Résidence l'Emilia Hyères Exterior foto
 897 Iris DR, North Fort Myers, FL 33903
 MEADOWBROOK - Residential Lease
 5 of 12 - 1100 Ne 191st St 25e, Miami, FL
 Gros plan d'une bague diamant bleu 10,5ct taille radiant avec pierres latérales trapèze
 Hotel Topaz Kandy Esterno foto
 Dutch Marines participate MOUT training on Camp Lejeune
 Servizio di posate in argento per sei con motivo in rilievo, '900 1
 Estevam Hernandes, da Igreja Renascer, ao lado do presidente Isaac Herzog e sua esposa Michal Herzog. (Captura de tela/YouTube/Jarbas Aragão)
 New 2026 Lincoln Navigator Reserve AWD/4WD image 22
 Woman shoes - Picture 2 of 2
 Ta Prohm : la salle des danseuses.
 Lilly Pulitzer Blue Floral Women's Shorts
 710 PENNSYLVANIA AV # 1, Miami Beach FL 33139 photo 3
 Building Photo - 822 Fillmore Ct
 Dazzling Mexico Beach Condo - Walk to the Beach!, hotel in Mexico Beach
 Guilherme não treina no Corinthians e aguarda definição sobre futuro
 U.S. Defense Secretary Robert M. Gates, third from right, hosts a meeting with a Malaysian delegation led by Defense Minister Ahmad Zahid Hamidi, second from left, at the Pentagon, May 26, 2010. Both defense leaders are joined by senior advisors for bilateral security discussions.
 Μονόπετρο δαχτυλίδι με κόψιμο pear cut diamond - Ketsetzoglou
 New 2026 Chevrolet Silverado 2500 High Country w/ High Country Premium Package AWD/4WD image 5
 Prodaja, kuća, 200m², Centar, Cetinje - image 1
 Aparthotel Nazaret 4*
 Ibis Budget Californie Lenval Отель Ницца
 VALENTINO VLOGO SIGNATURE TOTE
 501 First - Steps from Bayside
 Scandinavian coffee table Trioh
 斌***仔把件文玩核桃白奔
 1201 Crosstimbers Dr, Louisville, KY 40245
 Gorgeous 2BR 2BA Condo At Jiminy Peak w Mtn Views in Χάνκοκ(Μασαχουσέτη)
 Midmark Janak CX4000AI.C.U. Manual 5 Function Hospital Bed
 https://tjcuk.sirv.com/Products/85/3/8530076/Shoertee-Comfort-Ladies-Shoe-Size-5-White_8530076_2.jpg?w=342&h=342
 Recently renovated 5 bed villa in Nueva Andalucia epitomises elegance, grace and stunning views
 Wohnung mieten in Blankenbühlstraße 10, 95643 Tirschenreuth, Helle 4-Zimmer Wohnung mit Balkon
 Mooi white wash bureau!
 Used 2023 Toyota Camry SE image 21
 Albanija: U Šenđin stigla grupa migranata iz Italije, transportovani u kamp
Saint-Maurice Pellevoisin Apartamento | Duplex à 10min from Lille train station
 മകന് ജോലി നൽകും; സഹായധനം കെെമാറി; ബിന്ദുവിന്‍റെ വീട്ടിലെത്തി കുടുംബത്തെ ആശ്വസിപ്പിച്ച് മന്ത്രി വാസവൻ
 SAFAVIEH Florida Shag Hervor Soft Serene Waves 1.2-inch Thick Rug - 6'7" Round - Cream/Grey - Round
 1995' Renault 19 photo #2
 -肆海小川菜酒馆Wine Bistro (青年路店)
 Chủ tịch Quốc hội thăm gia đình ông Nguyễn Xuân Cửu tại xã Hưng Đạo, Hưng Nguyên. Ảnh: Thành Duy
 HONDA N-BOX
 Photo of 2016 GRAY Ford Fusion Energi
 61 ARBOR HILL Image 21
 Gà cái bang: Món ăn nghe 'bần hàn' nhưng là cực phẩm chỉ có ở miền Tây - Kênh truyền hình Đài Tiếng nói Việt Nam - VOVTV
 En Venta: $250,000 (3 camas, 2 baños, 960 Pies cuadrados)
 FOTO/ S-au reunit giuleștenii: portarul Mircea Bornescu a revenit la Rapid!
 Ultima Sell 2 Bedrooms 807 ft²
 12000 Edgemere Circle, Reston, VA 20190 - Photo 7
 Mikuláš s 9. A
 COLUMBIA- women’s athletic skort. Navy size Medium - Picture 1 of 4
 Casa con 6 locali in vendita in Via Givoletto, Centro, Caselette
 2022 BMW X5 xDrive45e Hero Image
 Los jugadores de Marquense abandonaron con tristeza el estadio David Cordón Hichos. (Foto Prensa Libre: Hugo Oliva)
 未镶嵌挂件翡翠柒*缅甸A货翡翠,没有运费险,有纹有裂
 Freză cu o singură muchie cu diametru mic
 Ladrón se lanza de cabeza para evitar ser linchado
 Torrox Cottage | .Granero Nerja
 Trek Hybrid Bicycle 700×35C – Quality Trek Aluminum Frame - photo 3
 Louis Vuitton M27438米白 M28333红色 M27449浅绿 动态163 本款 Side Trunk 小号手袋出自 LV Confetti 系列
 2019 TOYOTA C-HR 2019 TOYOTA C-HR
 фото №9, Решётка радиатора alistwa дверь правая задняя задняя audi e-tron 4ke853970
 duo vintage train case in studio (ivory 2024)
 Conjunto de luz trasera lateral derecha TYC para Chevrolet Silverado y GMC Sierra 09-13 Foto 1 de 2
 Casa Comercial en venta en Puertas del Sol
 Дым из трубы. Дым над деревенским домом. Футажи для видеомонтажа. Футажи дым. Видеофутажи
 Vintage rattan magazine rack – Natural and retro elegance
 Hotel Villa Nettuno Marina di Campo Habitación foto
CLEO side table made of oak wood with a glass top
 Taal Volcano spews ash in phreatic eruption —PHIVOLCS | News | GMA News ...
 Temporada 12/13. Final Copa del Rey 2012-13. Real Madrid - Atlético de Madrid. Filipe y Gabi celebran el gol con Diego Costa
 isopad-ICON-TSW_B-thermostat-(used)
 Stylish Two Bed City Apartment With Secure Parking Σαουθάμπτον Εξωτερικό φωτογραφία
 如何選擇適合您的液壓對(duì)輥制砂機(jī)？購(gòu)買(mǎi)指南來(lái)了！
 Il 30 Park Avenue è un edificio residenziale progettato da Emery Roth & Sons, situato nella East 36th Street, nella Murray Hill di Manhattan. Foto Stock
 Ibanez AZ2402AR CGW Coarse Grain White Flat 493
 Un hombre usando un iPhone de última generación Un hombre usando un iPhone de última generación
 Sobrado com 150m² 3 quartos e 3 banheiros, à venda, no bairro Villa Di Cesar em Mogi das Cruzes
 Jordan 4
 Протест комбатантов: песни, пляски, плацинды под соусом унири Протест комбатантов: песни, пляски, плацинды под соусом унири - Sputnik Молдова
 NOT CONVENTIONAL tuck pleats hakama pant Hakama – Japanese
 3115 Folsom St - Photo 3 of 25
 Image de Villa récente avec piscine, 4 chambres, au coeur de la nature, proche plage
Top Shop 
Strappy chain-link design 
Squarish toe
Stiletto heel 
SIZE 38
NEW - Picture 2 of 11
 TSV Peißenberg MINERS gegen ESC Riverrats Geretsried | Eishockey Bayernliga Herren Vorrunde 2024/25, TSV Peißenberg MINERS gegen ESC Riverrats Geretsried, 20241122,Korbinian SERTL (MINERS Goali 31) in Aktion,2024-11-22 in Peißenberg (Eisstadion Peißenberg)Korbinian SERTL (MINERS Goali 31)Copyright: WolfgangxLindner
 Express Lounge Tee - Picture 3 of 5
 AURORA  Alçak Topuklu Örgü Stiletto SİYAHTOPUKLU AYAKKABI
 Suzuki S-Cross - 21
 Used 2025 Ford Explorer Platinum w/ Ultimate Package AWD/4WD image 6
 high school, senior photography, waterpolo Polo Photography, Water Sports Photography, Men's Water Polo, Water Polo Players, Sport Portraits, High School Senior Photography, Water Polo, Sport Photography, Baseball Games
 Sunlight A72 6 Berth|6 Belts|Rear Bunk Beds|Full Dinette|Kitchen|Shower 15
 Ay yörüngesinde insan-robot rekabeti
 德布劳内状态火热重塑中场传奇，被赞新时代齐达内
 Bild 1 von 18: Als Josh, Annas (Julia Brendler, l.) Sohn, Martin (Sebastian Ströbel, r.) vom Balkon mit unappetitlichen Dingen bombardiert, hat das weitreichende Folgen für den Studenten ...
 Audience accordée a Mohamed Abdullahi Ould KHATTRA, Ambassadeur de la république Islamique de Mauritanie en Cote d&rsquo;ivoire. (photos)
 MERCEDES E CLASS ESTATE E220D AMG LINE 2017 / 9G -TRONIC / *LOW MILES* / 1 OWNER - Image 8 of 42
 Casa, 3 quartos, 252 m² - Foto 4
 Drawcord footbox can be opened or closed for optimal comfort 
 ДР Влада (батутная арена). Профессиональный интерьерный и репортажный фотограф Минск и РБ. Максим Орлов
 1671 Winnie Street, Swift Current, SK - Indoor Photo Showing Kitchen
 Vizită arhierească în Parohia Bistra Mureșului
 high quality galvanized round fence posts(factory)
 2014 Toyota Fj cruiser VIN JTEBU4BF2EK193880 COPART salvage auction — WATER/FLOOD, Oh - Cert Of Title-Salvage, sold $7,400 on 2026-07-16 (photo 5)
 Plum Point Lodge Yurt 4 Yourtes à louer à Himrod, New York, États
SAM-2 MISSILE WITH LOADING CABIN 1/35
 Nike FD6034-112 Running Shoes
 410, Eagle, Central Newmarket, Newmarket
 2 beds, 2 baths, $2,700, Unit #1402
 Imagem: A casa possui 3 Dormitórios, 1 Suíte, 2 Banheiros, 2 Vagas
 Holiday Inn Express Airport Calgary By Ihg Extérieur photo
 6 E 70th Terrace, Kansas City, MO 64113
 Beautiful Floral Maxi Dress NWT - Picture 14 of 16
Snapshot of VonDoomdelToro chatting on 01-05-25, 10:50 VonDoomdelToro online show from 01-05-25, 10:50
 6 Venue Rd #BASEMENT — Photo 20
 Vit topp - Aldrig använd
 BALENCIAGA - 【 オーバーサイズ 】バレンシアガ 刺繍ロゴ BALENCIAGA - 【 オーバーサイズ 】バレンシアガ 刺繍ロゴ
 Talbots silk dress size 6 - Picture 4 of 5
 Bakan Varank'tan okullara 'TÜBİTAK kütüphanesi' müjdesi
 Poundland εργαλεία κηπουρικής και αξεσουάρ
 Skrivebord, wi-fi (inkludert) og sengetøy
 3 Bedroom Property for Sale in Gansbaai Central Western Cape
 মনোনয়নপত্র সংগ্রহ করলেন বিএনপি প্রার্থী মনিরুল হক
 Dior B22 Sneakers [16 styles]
________________________________________
Exercise directions: Work out how many lines in this data contain "Central". Only that number should be given.

Expected answer: 2